“Je ne veux pas mourir pour la mode.” Brandissant sa pancarte avec calme mais détermination, cette ouvrière textile est venue, comme des milieux d’autres, protester devant ce qu’il reste du Rana Plaza.

Et pour cause, un an plus tôt, le 24 avril 2013, cet immeuble du centre de Dacca au Bangladesh qui abritait, entre autres, des ateliers textiles travaillant pour de célèbres enseignes de prêt-à-porter, s’effondrait en pleine journée, causant 1 135 morts et plus de 2000 blessés.

Un drame humain d’autant plus tragique que les jours précédents, certaines des employés avaient tiré la sonnette d’alarme, attirant l’attention de leur hiérarchie sur l’état vétuste de l’immeuble, apparemment déjà en ruine.

Mais très vite, le deuil et l’effroi laissent place au scandale et à la révolte.

Certaines ONG dénoncent alors les conditions de travail déplorables dans lesquelles des milliers de travailleurs sont contraints d’effectuer leur dur labeur, au détriment de leur sécurité, le tout pour un maigre salaire ne dépassant pas les quelque 60 euros par mois.

La fast-fashion et la grande distribution sont alors pointées du doigt - elles qui viennent profiter des failles de la mondialisation pour bénéficier d’une main d'œuvre sous-payée - par les ONG qui publient alors la liste des marques directement impliquées dans ce système d’exploitation à grande échelle.

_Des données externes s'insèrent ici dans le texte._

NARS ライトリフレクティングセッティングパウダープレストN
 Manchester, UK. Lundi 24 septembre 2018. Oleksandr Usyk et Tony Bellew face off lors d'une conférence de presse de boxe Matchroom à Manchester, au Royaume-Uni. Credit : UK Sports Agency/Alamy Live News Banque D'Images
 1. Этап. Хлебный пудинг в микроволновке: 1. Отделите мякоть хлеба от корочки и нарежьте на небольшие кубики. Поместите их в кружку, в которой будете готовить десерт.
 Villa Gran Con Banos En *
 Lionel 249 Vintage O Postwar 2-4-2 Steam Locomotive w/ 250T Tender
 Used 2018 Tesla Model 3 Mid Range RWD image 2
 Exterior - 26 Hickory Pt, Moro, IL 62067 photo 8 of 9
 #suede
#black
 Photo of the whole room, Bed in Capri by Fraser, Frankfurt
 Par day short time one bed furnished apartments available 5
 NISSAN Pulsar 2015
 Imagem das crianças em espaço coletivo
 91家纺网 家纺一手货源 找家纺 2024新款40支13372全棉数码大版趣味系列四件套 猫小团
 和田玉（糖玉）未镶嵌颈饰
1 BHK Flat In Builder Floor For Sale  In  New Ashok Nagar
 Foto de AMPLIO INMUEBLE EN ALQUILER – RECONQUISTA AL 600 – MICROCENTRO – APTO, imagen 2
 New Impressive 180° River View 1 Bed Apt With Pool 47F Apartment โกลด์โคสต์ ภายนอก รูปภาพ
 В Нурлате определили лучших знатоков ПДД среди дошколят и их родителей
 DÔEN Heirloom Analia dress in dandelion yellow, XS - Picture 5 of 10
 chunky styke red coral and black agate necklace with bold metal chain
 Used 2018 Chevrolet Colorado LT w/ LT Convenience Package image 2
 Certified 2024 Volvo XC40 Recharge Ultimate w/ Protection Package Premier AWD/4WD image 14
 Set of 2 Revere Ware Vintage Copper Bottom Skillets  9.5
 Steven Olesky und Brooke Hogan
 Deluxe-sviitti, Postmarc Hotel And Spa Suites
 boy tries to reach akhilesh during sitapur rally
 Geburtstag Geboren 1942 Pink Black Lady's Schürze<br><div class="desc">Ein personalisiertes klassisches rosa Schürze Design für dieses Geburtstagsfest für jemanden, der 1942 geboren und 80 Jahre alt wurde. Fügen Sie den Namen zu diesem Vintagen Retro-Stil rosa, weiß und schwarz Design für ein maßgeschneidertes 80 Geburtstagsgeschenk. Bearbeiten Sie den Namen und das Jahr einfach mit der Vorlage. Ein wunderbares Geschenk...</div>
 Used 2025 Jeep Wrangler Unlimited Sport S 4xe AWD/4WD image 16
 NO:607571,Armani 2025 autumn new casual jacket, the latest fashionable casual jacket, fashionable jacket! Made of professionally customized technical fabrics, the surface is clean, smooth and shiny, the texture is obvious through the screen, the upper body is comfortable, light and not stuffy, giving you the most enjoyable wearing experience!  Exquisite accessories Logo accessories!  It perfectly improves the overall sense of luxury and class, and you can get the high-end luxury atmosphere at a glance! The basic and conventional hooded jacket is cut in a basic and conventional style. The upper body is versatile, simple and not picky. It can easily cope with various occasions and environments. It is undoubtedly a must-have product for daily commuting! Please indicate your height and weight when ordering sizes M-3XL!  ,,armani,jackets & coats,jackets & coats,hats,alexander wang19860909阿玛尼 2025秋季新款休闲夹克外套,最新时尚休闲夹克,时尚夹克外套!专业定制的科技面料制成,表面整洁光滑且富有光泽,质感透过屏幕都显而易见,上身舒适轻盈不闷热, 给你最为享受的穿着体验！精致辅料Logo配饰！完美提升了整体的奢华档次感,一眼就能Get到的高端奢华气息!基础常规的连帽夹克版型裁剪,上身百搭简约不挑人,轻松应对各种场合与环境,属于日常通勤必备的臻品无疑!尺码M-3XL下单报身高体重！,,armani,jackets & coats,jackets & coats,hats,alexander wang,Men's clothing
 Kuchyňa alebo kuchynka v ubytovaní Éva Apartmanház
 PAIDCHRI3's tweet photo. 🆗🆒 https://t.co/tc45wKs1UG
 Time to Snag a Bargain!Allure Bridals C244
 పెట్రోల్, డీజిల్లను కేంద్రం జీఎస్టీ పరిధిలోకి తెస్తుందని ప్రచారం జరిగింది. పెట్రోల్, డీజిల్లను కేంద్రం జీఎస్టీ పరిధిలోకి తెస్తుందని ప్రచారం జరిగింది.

H&M, Mango, Primark ou encore Camaïeu, Carrefour et Auchan : derrière ces noms familiers, se cache une réalité révoltante qui, mise en lumière par des documentaires et reportages diffusés au grand public, va venir bouleverser notre relation à ces boutiques dans lesquelles on fait, jusqu’à présent, notre shopping presque innocemment.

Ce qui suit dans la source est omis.